Von Hans-Peter Kurr
Überraschende Krimi-Inszenierung im Imperial-Theater
In der Mitte der 60er Jahre des vorigen Jahrhunderts ging es auf Hamburgs Kiez in manchen Nächten besonders hoch her – stets dann, wenn im Studio Hamburg wieder ein Jerry-Cotton-Film abgedreht war und die Constantin-Film zum -vorübergehenden – Abschied vom Filmteam in zahlreichen Etablissements auf der Reeperbahn zu einem rauschenden ( und wohl auch ziemlich teuren ) Farewell-Fest , zu dem geschickterweise auch zahlreiche Filmjournalisten gebeten wurden,einlud.Im Mittelpunkt dieser Nächte standen ausnahmsweise nicht attraktive Mädchen, sondern drei, schon bald international bekannte, Männer: Die Schauspieler George Nader (Rolle: Jerry), Heinz Weiss (Rolle: Phil) und – „entliehen „ aus dem Gründgens-Ensemble des Deutschen Schauspielhauses – der bekannteste von ihnen : Richard Münch (Rolle: Mister High). Für Münch, der gewaltige Flugangst hatte, begann damit eine späte Hollywood-Karriere, also „lernte“ er, mithilfe des Autors dieser Zeilen, das transatlantische Fliegen, Naders Hauptdarsteller-Gagen erhöhten sich, wie er häufig fröhlich berichtete, beträchtlich.

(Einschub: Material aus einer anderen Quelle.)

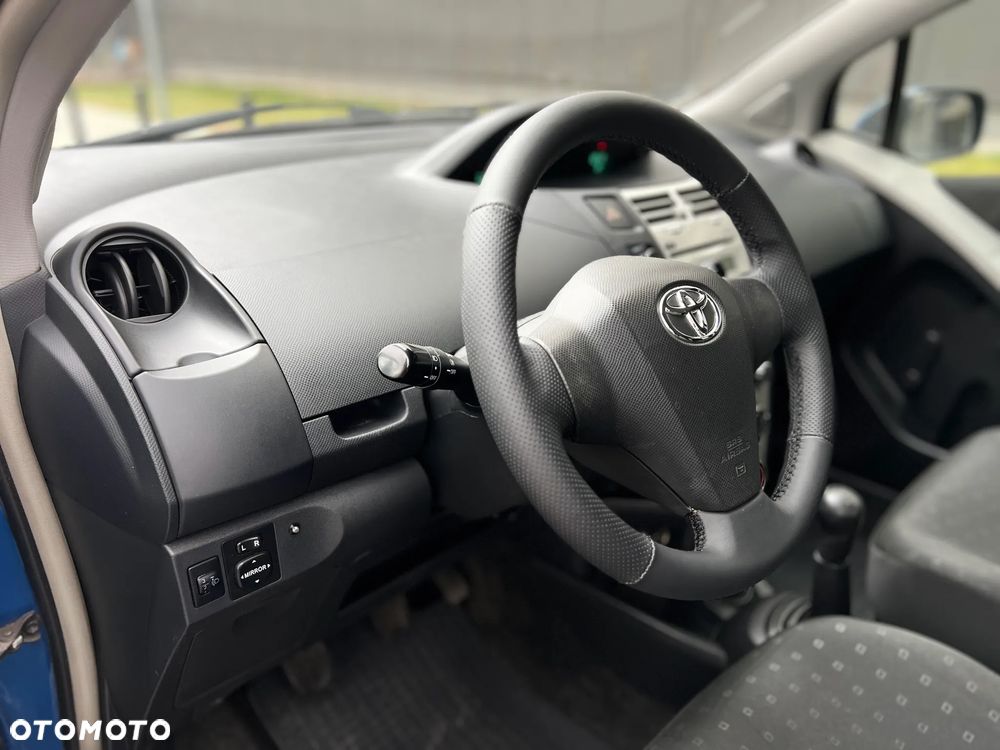Toyota Yaris - 22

Weiss sicherte sich ( was er allerdings damals noch nicht wissen konnte) seine Rolle als späterer Traumschiff-Kapitän.
Soweit ein kurzer Rückblick in die Vergangenheit der Filmstadt Hamburg. Und diesmal hat Otto Reuter mit seiner berühmten Gedichtzeile, die uns darüber belehren will, dass „in fünfzig Jahren alles vorbei „ sei, unrecht, denn: Ein halbes Jahrhundert nach der eingangs geschilderten Szene erleben wir Jerry Cotton, Phil Decker und Mister High „back in town“ – und das ebenfalls auf dem Kiez!
„How come“ fragt heutzutage der neugierige Amerikaner? Nun, Frank Thannhäuser, Leiter des Imperial-Theaters „ganz weit vorn aufm Kiez“ (so dessen origineller Werbeslogan) und sein eigener Hausregisseur, hat die zwei US-FBI-Detektive wiederentdeckt und sie diesmal nicht für die Leinwand, sondern für die Bühne inszeniert: Mister High ist jetzt der smarte Roland Kieber, geschmeidig-überzeugend in dieser Rolle. Jerry wird nunmehr von dem, Nader sehr ähnlich ausschauenden und ihm schauspielerisch völlig gleichwertigen Stefan Brentle gespielt. Mit seinem vielerorts hochgeschätzten Hang zur Komödianterie verkörpert, auch hier wieder hinreissend, Gosta Liptow den tüchtigen Phil Decker.Diese drei führen ein qualifiziertes Ensemble in der Bühnenfassung jener Geschichte mit dem Titel „New York Ripper“ an, die nicht zu den stärksten aus dem deutschen Bastei-Verlag stammenden wie etwa „Schüsse aus dem Geigenkasten“ zählt, aber zumindest eine recht originelle Handlung aufweist, die hier selbstverständlich unseren lesenden Krimifreunden nicht erzählt werden soll. Und Thannhäuser greift, wie stets, seit er das Imperial zum reinen Krimitheater umfunktioniert hat,als Regisseur und Ausstatter in einer Person zu jedem nur denkbaren optischen und akustischen Mittel, um seine Zuschauer das Gruseln zu lehren.
Ein phantasievoll unterhaltender Abend mit aussergewöhnlichen Darstellern.